At the turn of the millennium, fifty million women joined the Muslim economic workforce which Zahidi calls as “underreported revolution happening for women, with the arrival of the largest and most education cohort ever to have entered their economies of labour markets at any one time”. There were 100 million working women at the start of millennium, a figure that has been exponentially risen to 165 million, an increase of more than 60 percent in less than 20 years. Working women therefore represent 40 percent of the 500 million women contributing in the Muslim economies. Labour force participation rates vary from 75 percent in Kazakhstan to 56 in Indonesia and Malaysia, followed 45 percent in UAE, 35 percent in Turkey and 30 percent in Pakistan, which are growing at a faster rate for women than for men.

Women in the “Muslim Global Economy” who are working have an aggregate income that amounts to over $1 trillion, which most certainly proves that investment in women’s education pays off considerably for the state’s economy. If equal participation in the workforce for Muslim countries is achieved, a hefty $6 trillion to their incomes may be added. In the Middle East alone, female labour force participation rising to its full potential by 2025, could increase the region’s GDP by 47%, according to McKinsey.

As the numbers of working Muslim women grow, the implications of their rise go well beyond the borders of the Muslim world. Furthermore, one in ten of female is a Muslim woman.
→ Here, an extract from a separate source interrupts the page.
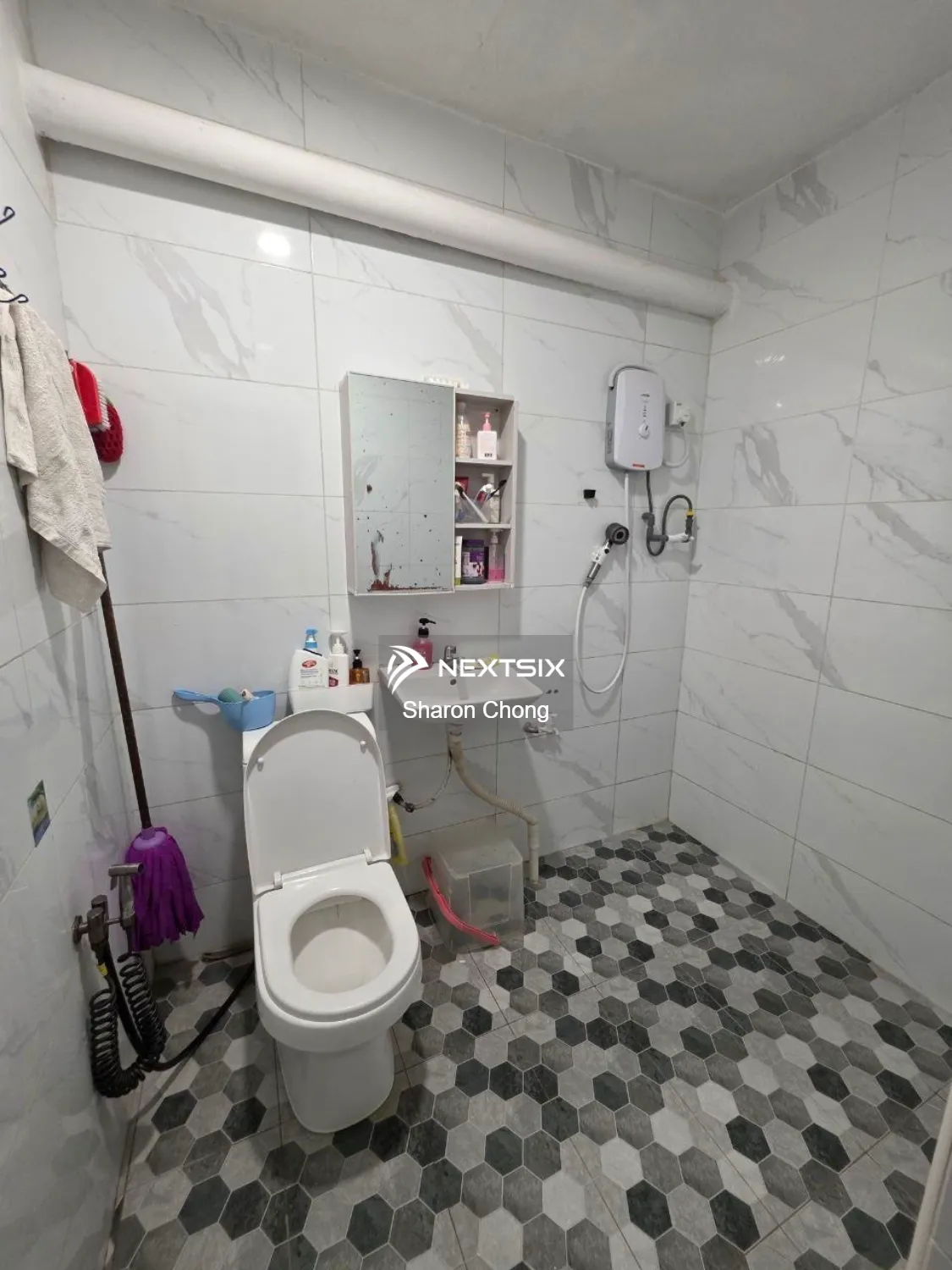 1-sty Terrace/Link House For Sale in Johor Bahru Johor - Image 9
In fact, there are already more working women across the Muslim world than there are in the US or the EU. Their economic fortunes will determine the prosperity and stability of their own countries, and, by consequence, of the global economy.While the rapid rise of working women across the Muslim world is new, today’s cohort of ambitious businesswomen can look to history for a role model. The first convert to Islam was a businesswoman, a wealthy merchant named HazratKhadija, who hired the Prophet Muhammad(SAW) and sent him on a trading mission from Mecca to Syria. She became his wife, and financed the supporter of the new religion in its early days.

Governments need to catch up to the new realities of the growing legion of female workers, employers, taxpayers and consumers, in particular by broadening access to finance, transport and technology. They therefore must encourage female education, entrepreneurship and training, and incentivize businesses to hire, retain and promote women.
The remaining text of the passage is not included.